Zeydan lui, a ajouté dans sa déclaration: «Il y a un an, j'ai demandé au tribunal le retour des droits dont j'avais été privé en raison de ma condamnation et le tribunal l'a accepté. Il ne suffit pas que le tribunal prenne cette décision et elle doit être définitive. Cette décision est devenue définitive [...] Une année s'est écoulée et dans ce processus, j'ai déposé une demande auprès de la Commission électorale provinciale avec l'intégralité de la décision du tribunal et la note finale. L’YSK a examiné tous les documents et a déclaré qu’il n’y avait aucun obstacle à mon éligibilité à l’élection.»
Le parti DEM a déclaré que le ministère de la Justice s'était opposé à la candidature de Zeydan le vendredi 29 mars à 16h55, deux jours avant les élections: «Le bureau du procureur compétent a envoyé une lettre d’opposition administrative au tribunal qui avait rendu une décision finale pour que ce dernier restaure les droits électoraux supprimés, ce qui valait une injonction ».
Il ajoute : « Le même jour, le tribunal a révoqué la décision finale sur la restitution des droits cédés et a rejeté la demande de restitution des droits cédés. Avant que la décision ne soit finalisée, c'est-à-dire avant que le droit d'opposition et de recours ne soit exercé, il en a immédiatement informé l'YSK.»
Dans un communiqué lundi, le DEM déclare: «Cette décision est la continuation du processus de coup d’État politique initié avec l’intervention du gouvernement. La décision prise par la majorité des membres du Conseil électoral provincial de Van est illégale, illégitime et constitue une décision de ne pas reconnaître la volonté du peuple ». Le DEM a déposé un recours auprès de l'YSK mercredi.
L'ancien leader du HDP, Selahattin Demirtaş, qui a été arrêté avec Zeydan sur le même prétexte anti-démocratique et est toujours emprisonné, a demandé à Erdoğan, le principal responsable de la décision de Van, de résoudre le problème.
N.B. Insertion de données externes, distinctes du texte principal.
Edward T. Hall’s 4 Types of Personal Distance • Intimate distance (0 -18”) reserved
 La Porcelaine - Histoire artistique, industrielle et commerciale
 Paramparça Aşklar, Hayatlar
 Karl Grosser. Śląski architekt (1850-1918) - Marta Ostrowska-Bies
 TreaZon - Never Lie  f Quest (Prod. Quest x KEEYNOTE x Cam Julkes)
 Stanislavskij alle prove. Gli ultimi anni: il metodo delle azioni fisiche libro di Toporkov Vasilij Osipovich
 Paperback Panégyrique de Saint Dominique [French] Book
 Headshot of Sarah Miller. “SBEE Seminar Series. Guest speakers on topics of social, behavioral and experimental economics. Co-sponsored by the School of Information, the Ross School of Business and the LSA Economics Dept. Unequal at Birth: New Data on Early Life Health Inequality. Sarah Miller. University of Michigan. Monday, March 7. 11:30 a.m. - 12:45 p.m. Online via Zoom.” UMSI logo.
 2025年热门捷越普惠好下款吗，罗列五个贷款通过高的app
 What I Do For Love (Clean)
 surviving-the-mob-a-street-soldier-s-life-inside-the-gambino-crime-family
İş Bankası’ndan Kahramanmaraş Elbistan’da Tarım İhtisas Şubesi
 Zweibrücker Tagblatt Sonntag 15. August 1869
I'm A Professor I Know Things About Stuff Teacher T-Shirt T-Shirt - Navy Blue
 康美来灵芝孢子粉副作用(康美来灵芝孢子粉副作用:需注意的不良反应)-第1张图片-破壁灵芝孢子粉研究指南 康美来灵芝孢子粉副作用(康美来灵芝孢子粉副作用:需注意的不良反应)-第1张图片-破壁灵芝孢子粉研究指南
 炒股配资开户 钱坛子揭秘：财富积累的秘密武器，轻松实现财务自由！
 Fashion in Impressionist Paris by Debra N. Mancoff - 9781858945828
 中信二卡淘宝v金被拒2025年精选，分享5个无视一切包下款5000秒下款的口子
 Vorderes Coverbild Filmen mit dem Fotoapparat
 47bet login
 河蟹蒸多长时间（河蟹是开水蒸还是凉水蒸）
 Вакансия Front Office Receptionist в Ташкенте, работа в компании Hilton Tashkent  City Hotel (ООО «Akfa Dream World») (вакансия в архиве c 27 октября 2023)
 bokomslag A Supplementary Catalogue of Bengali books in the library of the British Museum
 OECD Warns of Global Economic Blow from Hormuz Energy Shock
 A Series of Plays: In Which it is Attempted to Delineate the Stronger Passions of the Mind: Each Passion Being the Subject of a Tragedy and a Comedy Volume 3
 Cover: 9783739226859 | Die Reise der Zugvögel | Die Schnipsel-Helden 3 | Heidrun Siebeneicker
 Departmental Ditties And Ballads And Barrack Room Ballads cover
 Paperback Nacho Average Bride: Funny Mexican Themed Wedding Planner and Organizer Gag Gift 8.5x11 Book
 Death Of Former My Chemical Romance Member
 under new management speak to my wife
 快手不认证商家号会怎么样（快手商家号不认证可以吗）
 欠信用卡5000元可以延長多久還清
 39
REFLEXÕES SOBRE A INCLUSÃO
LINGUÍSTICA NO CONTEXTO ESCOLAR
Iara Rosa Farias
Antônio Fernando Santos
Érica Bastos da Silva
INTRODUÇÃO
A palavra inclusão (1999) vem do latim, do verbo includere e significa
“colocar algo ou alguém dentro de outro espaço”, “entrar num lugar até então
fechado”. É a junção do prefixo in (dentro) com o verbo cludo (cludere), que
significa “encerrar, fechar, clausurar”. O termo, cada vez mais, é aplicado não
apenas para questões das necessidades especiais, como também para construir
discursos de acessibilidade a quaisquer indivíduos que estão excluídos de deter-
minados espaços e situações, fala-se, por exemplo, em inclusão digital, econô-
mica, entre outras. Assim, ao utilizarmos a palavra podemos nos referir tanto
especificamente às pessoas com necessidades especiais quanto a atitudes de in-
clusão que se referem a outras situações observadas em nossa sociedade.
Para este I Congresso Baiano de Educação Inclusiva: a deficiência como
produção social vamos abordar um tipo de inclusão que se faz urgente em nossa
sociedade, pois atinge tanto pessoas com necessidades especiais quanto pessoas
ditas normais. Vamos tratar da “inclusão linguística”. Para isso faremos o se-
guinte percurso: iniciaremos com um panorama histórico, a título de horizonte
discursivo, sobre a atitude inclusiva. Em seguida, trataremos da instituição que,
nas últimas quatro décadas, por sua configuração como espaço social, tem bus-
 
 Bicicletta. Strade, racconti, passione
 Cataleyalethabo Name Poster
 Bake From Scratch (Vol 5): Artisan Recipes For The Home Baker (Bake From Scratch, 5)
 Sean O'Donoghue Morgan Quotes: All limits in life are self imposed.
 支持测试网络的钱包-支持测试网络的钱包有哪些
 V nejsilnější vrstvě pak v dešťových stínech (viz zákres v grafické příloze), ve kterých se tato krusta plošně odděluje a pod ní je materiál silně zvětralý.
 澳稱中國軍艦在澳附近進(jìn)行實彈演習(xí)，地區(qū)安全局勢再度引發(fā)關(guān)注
Il a déclaré: « Je voudrais m’adresser à vous, Monsieur le Président. Le soir des élections, vous avez dit que vous respecteriez la volonté du peuple et que vous compreniez le message. Malheureusement, ce qui s’est passé à Van ne correspond pas à votre message. Ce n’est pas là une manière de respecter la volonté du peuple. Ni le peuple ni Dieu ne l’accepteront », a-t-il déclaré.
Il poursuit ainsi: «Nous attendons de vous que vous mettiez fin à cet état de choses dès le début. Nous attendons de vous, le président de ce pays, que vous mettiez fin à cette tentative illégale qui contrecarre la volonté de résoudre tous les problèmes par le dialogue et la confiance mutuelle.»
Özgür Özel, le leader du CHP, vainqueur des élections municipales, a lui aussi répandu des illusions sur la rhétorique de défense des droits démocratiques vide de sens d'Erdoğan. Il a déclaré: «Si [Erdoğan] parle ainsi de temps en temps, alors qu'il y a un maire métropolitain qui a reçu trois fois plus de voix que son adversaire, ils essaient de le piéger et commettent l’acte honteux de donner le mandat au candidat arrivé deuxième, toutes ses paroles deviennent nulles et non avenues. »
En fait, ces appels vains à Erdoğan, qui a imposé un régime d'État policier pendant de nombreuses années avec l'aide du CHP, soulignent une réalité politique centrale: aucune faction de la bourgeoisie turque ne peut défendre les droits démocratiques. La défense de ces droits dépend de l’unification et de la mobilisation massive des travailleurs turcs et kurdes contre la classe dirigeante et contre l’impérialisme sur la base d’un programme socialiste international.